Expanded Text Ads: Google has recently allowed users to include an additional headline (for a total of 3) and an additional description line (for a total of 2) in all text ads, allowing you to take up more space on the Search Engine Results Page and achieve higher click-through rates.

Affiliate Marketing: A strategy where businesses reward individual affiliates (people or organizations outside the business) for bringing in new customers or visitors through ads or content on the affiliate’s website. Affiliates receive payments or product discounts based on the number of customers they generate.

Referral Marketing: The method of promoting products or services to new customers through referrals, usually word of mouth.

Event Tracking: Using Facebook’s pixel implementation, you can track not just revenue and conversions, but a customer’s journey every step of the way, including form fills, cart additions, and newsletter sign-ups, all in one place.

E-Mail Marketing

Call to Action (CTA): A word or phrase used to inspire the end user to take a specific action, often via a button or another stylized link.

A/B Testing: An optimization technique that divides a list in two, then sends a different email version to each half to determine which variation converts best.

Bounce Rate: A percentage that measures how many emails have been returned by an email service. A bounce can happen because a subscriber’s email address either no longer exists, their inbox was full, or because a server was unavailable.

E-Mail Automation: A feature that enables you to send out messages to your customers at designated times, such as: When a subscriber signs up for your email list, when they perform an action on your website (like download an e-book), or when they add an item to their shopping cart but don’t complete the purchase (an “abandoned cart” email).

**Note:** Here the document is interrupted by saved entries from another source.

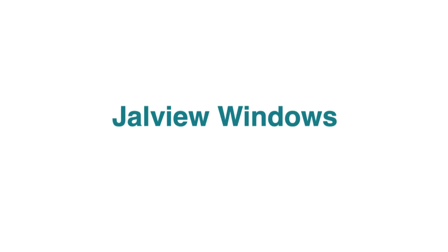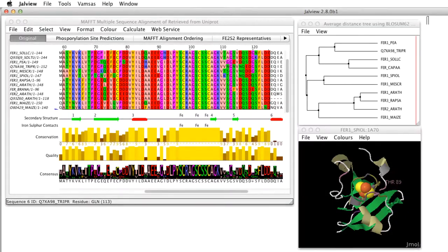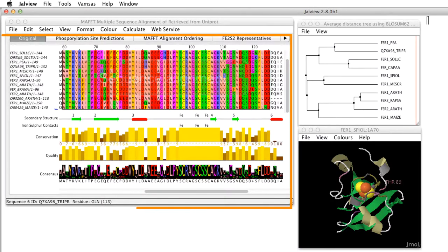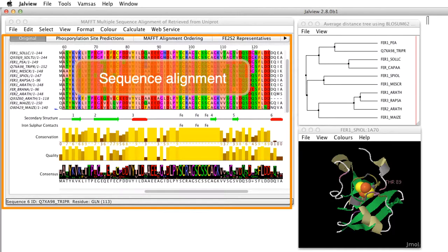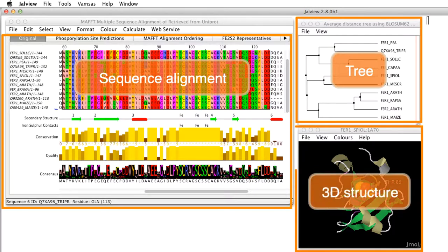There are several different types of viewing window in Jalview. In the configuration that opens when Jalview is launched there is an alignment window, tree window and structure window visible.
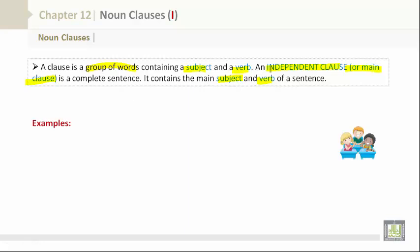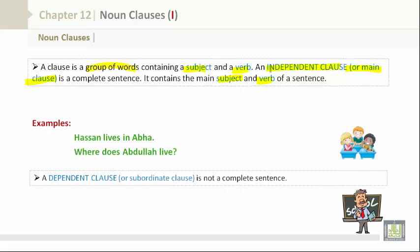Let's take a look at some examples. 'Hassan lives in Abha.' 'Where does Abdullah live?' Those were examples of independent clauses. An independent clause is a complete sentence. As you can see, 'Hassan lives in Abha' has a full stop, and 'Where does Abdullah live?' has a question mark.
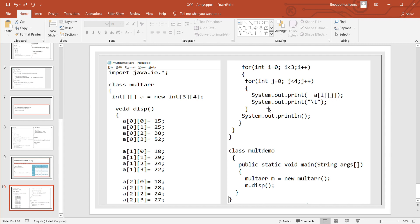We print which row and which column, then add a space. Once the first row is completed after four iterations, it goes to the next line and comes back up for the second row, and so on. Running MaltDemo, the output shows: first row: 15, 25, 38, 52; second row: 10, 29, 24, 22; third row: 18, 28, 24. That was it for single-dimensional and two-dimensional arrays for this session. Thank you.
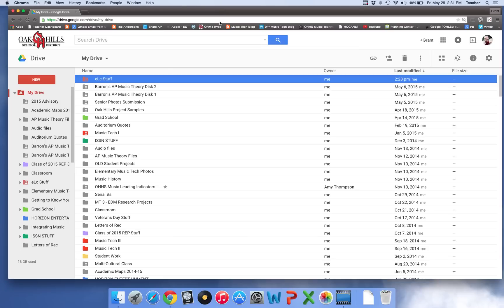Good afternoon. I'm going to quickly show you how to transfer ownership of your Google Drive documents from one account to another account.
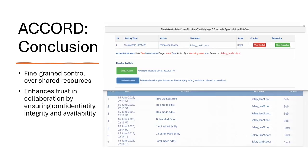For instance, consider the ACORD display shown. Here, Bob has set a constraint preventing Carol from removing users from the Salaries file. When Carol removes Emily, the ACORD system detects this action and alerts Bob about the conflict. Bob can then choose to resolve the conflict by undoing Carol's action. Therefore, by adopting ACORD in conjunction with cloud services, business owners can exercise fine-grained control over shared resources, thereby enhancing trust and collaboration among users.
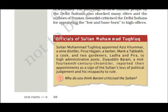Sultan Muhammad Tughlaq appointed Aziz Khumar, a wine distiller; Firuz Hazam, a barber; a cook named Tabaq; and two gardeners, Lada and Pira, to high administrative posts. The 14th-century chronicler Ziauddin Barani reported these appointments as a sign of the Sultan's loss of political judgment. Barani criticized Muhammad Tughlaq, saying only people from noble families should be appointed — this is also why Muhammad bin Tughlaq is called a 'whimsical sultan.'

Drip Marketing: A sequence of communication that is written in advance, and then sent to prospective or current customers at pre-determined intervals to advance them through your sales funnel.

Web Design & Development

HTML: The acronym for Hypertext Markup Language, a standardized system for tagging text files to achieve font, color, graphic, and hyperlink effects on web pages.

CSS: The acronym for Cascading Style Sheets, a style sheet language used for describing the presentation of a document written in a markup language like HTML, including colors, layout, and fonts.

Javascript: An object-oriented scripting language commonly used to make HTML pages more dynamic and interactive.

HEX Code: A code used in HTML and CSS to designate a specific color, often appearing after the pound sign (#).

User Experience (UX): How a user feels when interfacing with a system such as a website, a web application, or desktop software. UX often determines how well a website converts or how much time users spend on a website or application.

Checkout Flow: The page-by-page experience a user has completing a purchase on an e-commerce website.

Below the Fold: In newspaper terms, “below the fold” refers to content on the bottom half of the page (below the physical fold in the paper). In web design terms, “below the fold” refers to the content that a user would generally have to scroll in order to view.